Anil Trigunayat
During the GATT and WTO negotiations debates were held on the viability and coexistence of the Free Trade Agreements and Regional Trading Arrangements (FTA and RTA) that appeared to go against the fundamental tenet of the WTO which was the MFN status to all and among its members. But the EU already existed and needed to be accommodated and so was NAFTA let alone others. But arbitrariness by various countries for providing MFN status itself has tended to serve their geopolitical rather than geo economic ends. Pakistan is one such example.
But eventually Article 24 of WTO was worked out and became the guiding principle for the cohabitation of the RTAs within the ambit of the global body that today is crying for far reaching reforms. Several RTAs/FTAs have also been under stress. Trump changed NAFTA and the EU suffered from the BREXIT. ASEAN goes ahead while SAARC languishes and some of the ones in Latin America like MERCOSUR are trying their best to stay afloat as the global economy faces its worst challenges. Africa is also striving for a single market with AfCFTA.
The nature of FTAs has also transformed with the complexity of Trade itself moving from goods to services to investment and Tariffs to Non-Tariff barriers to protectionist measures and penal provisions and greater incidence of Anti-Dumping (AD) and Countervailing duties and then to facilitation.
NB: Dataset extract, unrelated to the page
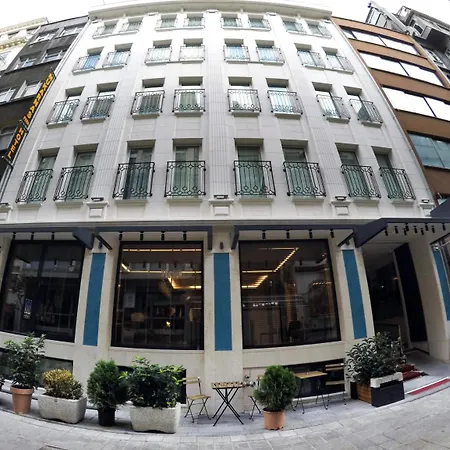 Mukarnas Taksim 3*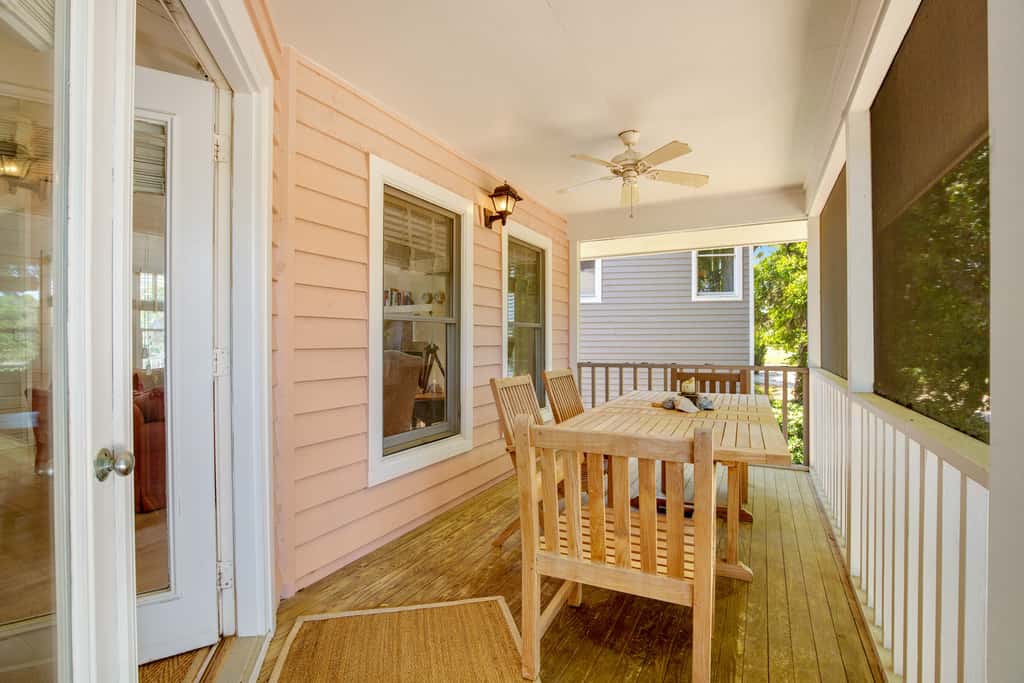 Casual cottage w/screened porch & shared pool - walk to the beach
Migration and Mobility became a major issue and ongoing point for discussion especially with the West as countries like India which excel in services are subjugated to visa restrictions and delays in ever so innovative ways by their major markets. In this 21st century the Tech Trade will become more subjective and pronounced as the world moves into AI driven green industrial Revolution 4.0 where ‘Green Apartheid ‘seems to be a crass reality. Somehow the vicious cycle does not break.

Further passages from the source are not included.